**THE DATA:**
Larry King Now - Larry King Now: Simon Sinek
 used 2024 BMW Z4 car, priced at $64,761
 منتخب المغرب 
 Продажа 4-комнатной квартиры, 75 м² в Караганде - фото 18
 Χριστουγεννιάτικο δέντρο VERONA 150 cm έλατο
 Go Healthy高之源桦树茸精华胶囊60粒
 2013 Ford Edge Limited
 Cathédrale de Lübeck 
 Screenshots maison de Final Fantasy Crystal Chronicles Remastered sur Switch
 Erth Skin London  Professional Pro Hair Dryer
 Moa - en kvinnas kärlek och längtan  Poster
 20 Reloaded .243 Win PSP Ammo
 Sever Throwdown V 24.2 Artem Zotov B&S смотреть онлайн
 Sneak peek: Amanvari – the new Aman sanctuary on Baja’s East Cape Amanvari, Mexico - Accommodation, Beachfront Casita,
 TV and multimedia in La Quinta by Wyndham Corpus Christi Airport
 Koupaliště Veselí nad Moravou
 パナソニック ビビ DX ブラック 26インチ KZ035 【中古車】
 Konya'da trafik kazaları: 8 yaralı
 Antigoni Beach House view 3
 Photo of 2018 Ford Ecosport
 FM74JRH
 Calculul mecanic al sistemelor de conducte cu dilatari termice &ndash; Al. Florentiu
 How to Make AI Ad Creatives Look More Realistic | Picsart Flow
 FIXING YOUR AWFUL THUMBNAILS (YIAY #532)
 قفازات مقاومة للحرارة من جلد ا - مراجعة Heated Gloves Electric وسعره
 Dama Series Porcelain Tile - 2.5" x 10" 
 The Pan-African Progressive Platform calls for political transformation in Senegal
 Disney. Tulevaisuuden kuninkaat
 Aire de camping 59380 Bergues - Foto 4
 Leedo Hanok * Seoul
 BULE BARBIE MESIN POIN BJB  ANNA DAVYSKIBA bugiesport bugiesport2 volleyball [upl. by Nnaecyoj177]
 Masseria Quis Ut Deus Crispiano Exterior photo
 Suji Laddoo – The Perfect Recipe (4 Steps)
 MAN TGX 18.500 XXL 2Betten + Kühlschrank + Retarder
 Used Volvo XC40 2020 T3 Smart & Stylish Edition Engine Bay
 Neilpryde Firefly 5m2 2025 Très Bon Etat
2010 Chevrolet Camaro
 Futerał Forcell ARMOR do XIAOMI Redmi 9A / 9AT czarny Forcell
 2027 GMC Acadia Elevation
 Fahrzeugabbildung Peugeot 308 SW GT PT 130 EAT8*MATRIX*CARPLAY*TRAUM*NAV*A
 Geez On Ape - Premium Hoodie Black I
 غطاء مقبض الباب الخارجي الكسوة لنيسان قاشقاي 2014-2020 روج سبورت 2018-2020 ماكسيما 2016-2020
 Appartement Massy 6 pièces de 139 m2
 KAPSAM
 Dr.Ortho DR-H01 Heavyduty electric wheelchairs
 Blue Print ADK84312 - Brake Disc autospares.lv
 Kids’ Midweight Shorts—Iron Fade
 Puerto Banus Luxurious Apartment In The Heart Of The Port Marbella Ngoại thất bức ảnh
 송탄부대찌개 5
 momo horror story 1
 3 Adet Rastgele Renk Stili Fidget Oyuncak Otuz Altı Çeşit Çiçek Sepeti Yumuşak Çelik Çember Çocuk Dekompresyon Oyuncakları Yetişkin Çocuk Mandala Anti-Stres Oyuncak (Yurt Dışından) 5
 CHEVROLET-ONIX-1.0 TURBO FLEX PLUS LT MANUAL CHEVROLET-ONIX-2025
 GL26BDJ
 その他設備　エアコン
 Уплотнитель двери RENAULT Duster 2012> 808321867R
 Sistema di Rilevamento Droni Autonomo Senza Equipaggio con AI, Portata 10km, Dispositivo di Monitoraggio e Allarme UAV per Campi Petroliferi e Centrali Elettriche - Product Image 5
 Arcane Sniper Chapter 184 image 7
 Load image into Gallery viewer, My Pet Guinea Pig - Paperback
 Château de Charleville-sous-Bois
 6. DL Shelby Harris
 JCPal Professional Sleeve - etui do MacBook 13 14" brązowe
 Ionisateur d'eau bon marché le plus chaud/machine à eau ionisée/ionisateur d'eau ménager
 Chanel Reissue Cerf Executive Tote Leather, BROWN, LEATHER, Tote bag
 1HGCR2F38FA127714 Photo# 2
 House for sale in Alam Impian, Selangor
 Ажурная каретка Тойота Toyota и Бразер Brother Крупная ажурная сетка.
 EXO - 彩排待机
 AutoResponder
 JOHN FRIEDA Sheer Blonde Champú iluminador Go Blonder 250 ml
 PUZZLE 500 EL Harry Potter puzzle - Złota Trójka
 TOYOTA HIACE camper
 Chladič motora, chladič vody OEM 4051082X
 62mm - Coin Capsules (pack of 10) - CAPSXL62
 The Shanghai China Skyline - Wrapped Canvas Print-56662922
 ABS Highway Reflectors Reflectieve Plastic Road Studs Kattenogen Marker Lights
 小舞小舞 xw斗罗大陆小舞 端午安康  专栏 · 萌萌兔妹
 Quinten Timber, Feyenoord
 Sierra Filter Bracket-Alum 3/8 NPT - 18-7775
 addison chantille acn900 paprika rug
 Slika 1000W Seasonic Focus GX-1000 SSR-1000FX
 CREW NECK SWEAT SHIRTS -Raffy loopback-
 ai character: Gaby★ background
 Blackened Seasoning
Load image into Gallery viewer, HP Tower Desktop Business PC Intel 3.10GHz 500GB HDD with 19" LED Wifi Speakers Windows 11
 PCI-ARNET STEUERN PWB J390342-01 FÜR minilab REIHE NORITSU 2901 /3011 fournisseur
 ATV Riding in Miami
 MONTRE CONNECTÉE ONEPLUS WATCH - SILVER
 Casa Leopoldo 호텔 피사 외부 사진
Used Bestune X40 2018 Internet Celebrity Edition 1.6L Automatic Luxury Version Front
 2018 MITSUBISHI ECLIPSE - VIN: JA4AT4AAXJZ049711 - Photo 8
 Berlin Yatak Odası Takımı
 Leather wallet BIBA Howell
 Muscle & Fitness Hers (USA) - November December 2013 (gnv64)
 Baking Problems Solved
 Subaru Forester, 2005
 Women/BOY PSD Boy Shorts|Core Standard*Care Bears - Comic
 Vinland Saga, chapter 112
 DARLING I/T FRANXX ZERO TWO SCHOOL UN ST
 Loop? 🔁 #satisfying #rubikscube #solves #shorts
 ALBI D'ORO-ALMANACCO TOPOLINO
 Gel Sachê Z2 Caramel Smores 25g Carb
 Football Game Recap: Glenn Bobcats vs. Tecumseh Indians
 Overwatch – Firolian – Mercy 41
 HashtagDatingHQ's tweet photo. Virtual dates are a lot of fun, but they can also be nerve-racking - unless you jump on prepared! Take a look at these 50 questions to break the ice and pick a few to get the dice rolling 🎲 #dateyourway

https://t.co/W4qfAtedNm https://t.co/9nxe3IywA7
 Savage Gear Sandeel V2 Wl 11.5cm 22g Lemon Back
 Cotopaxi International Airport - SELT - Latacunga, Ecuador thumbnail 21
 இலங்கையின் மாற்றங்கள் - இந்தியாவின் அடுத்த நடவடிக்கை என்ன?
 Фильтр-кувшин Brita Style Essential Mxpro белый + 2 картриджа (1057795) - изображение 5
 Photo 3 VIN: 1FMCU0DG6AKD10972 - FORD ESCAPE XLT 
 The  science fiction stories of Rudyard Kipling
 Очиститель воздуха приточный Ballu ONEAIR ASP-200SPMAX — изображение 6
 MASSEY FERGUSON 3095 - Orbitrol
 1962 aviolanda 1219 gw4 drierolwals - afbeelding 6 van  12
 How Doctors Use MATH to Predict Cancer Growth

**WHAT YOU ARE ASKED TO DO:** Exact retyping of all the entries is required.

**COMPLETED EXERCISE:**
Larry King Now - Larry King Now: Simon Sinek
 used 2024 BMW Z4 car, priced at $64,761
 منتخب المغرب 
 Продажа 4-комнатной квартиры, 75 м² в Караганде - фото 18
 Χριστουγεννιάτικο δέντρο VERONA 150 cm έλατο
 Go Healthy高之源桦树茸精华胶囊60粒
 2013 Ford Edge Limited
 Cathédrale de Lübeck 
 Screenshots maison de Final Fantasy Crystal Chronicles Remastered sur Switch
 Erth Skin London  Professional Pro Hair Dryer
 Moa - en kvinnas kärlek och längtan  Poster
 20 Reloaded .243 Win PSP Ammo
 Sever Throwdown V 24.2 Artem Zotov B&S смотреть онлайн
 Sneak peek: Amanvari – the new Aman sanctuary on Baja’s East Cape Amanvari, Mexico - Accommodation, Beachfront Casita,
 TV and multimedia in La Quinta by Wyndham Corpus Christi Airport
 Koupaliště Veselí nad Moravou
 パナソニック ビビ DX ブラック 26インチ KZ035 【中古車】
 Konya'da trafik kazaları: 8 yaralı
 Antigoni Beach House view 3
 Photo of 2018 Ford Ecosport
 FM74JRH
 Calculul mecanic al sistemelor de conducte cu dilatari termice &ndash; Al. Florentiu
 How to Make AI Ad Creatives Look More Realistic | Picsart Flow
 FIXING YOUR AWFUL THUMBNAILS (YIAY #532)
 قفازات مقاومة للحرارة من جلد ا - مراجعة Heated Gloves Electric وسعره
 Dama Series Porcelain Tile - 2.5" x 10" 
 The Pan-African Progressive Platform calls for political transformation in Senegal
 Disney. Tulevaisuuden kuninkaat
 Aire de camping 59380 Bergues - Foto 4
 Leedo Hanok * Seoul
 BULE BARBIE MESIN POIN BJB  ANNA DAVYSKIBA bugiesport bugiesport2 volleyball [upl. by Nnaecyoj177]
 Masseria Quis Ut Deus Crispiano Exterior photo
 Suji Laddoo – The Perfect Recipe (4 Steps)
 MAN TGX 18.500 XXL 2Betten + Kühlschrank + Retarder
 Used Volvo XC40 2020 T3 Smart & Stylish Edition Engine Bay
 Neilpryde Firefly 5m2 2025 Très Bon Etat
2010 Chevrolet Camaro
 Futerał Forcell ARMOR do XIAOMI Redmi 9A / 9AT czarny Forcell
 2027 GMC Acadia Elevation
 Fahrzeugabbildung Peugeot 308 SW GT PT 130 EAT8*MATRIX*CARPLAY*TRAUM*NAV*A
 Geez On Ape - Premium Hoodie Black I
 غطاء مقبض الباب الخارجي الكسوة لنيسان قاشقاي 2014-2020 روج سبورت 2018-2020 ماكسيما 2016-2020
 Appartement Massy 6 pièces de 139 m2
 KAPSAM
 Dr.Ortho DR-H01 Heavyduty electric wheelchairs
 Blue Print ADK84312 - Brake Disc autospares.lv
 Kids’ Midweight Shorts—Iron Fade
 Puerto Banus Luxurious Apartment In The Heart Of The Port Marbella Ngoại thất bức ảnh
 송탄부대찌개 5
 momo horror story 1
 3 Adet Rastgele Renk Stili Fidget Oyuncak Otuz Altı Çeşit Çiçek Sepeti Yumuşak Çelik Çember Çocuk Dekompresyon Oyuncakları Yetişkin Çocuk Mandala Anti-Stres Oyuncak (Yurt Dışından) 5
 CHEVROLET-ONIX-1.0 TURBO FLEX PLUS LT MANUAL CHEVROLET-ONIX-2025
 GL26BDJ
 その他設備　エアコン
 Уплотнитель двери RENAULT Duster 2012> 808321867R
 Sistema di Rilevamento Droni Autonomo Senza Equipaggio con AI, Portata 10km, Dispositivo di Monitoraggio e Allarme UAV per Campi Petroliferi e Centrali Elettriche - Product Image 5
 Arcane Sniper Chapter 184 image 7
 Load image into Gallery viewer, My Pet Guinea Pig - Paperback
 Château de Charleville-sous-Bois
 6. DL Shelby Harris
 JCPal Professional Sleeve - etui do MacBook 13 14" brązowe
 Ionisateur d'eau bon marché le plus chaud/machine à eau ionisée/ionisateur d'eau ménager
 Chanel Reissue Cerf Executive Tote Leather, BROWN, LEATHER, Tote bag
 1HGCR2F38FA127714 Photo# 2
 House for sale in Alam Impian, Selangor
 Ажурная каретка Тойота Toyota и Бразер Brother Крупная ажурная сетка.
 EXO - 彩排待机
 AutoResponder
 JOHN FRIEDA Sheer Blonde Champú iluminador Go Blonder 250 ml
 PUZZLE 500 EL Harry Potter puzzle - Złota Trójka
 TOYOTA HIACE camper
 Chladič motora, chladič vody OEM 4051082X
 62mm - Coin Capsules (pack of 10) - CAPSXL62
 The Shanghai China Skyline - Wrapped Canvas Print-56662922
 ABS Highway Reflectors Reflectieve Plastic Road Studs Kattenogen Marker Lights
 小舞小舞 xw斗罗大陆小舞 端午安康  专栏 · 萌萌兔妹
 Quinten Timber, Feyenoord
 Sierra Filter Bracket-Alum 3/8 NPT - 18-7775
 addison chantille acn900 paprika rug
 Slika 1000W Seasonic Focus GX-1000 SSR-1000FX
 CREW NECK SWEAT SHIRTS -Raffy loopback-
 ai character: Gaby★ background
 Blackened Seasoning
Load image into Gallery viewer, HP Tower Desktop Business PC Intel 3.10GHz 500GB HDD with 19" LED Wifi Speakers Windows 11
 PCI-ARNET STEUERN PWB J390342-01 FÜR minilab REIHE NORITSU 2901 /3011 fournisseur
 ATV Riding in Miami
 MONTRE CONNECTÉE ONEPLUS WATCH - SILVER
 Casa Leopoldo 호텔 피사 외부 사진
Used Bestune X40 2018 Internet Celebrity Edition 1.6L Automatic Luxury Version Front
 2018 MITSUBISHI ECLIPSE - VIN: JA4AT4AAXJZ049711 - Photo 8
 Berlin Yatak Odası Takımı
 Leather wallet BIBA Howell
 Muscle & Fitness Hers (USA) - November December 2013 (gnv64)
 Baking Problems Solved
 Subaru Forester, 2005
 Women/BOY PSD Boy Shorts|Core Standard*Care Bears - Comic
 Vinland Saga, chapter 112
 DARLING I/T FRANXX ZERO TWO SCHOOL UN ST
 Loop? 🔁 #satisfying #rubikscube #solves #shorts
 ALBI D'ORO-ALMANACCO TOPOLINO
 Gel Sachê Z2 Caramel Smores 25g Carb
 Football Game Recap: Glenn Bobcats vs. Tecumseh Indians
 Overwatch – Firolian – Mercy 41
 HashtagDatingHQ's tweet photo. Virtual dates are a lot of fun, but they can also be nerve-racking - unless you jump on prepared! Take a look at these 50 questions to break the ice and pick a few to get the dice rolling 🎲 #dateyourway

https://t.co/W4qfAtedNm https://t.co/9nxe3IywA7
 Savage Gear Sandeel V2 Wl 11.5cm 22g Lemon Back
 Cotopaxi International Airport - SELT - Latacunga, Ecuador thumbnail 21
 இலங்கையின் மாற்றங்கள் - இந்தியாவின் அடுத்த நடவடிக்கை என்ன?
 Фильтр-кувшин Brita Style Essential Mxpro белый + 2 картриджа (1057795) - изображение 5
 Photo 3 VIN: 1FMCU0DG6AKD10972 - FORD ESCAPE XLT 
 The  science fiction stories of Rudyard Kipling
 Очиститель воздуха приточный Ballu ONEAIR ASP-200SPMAX — изображение 6
 MASSEY FERGUSON 3095 - Orbitrol
 1962 aviolanda 1219 gw4 drierolwals - afbeelding 6 van  12
 How Doctors Use MATH to Predict Cancer Growth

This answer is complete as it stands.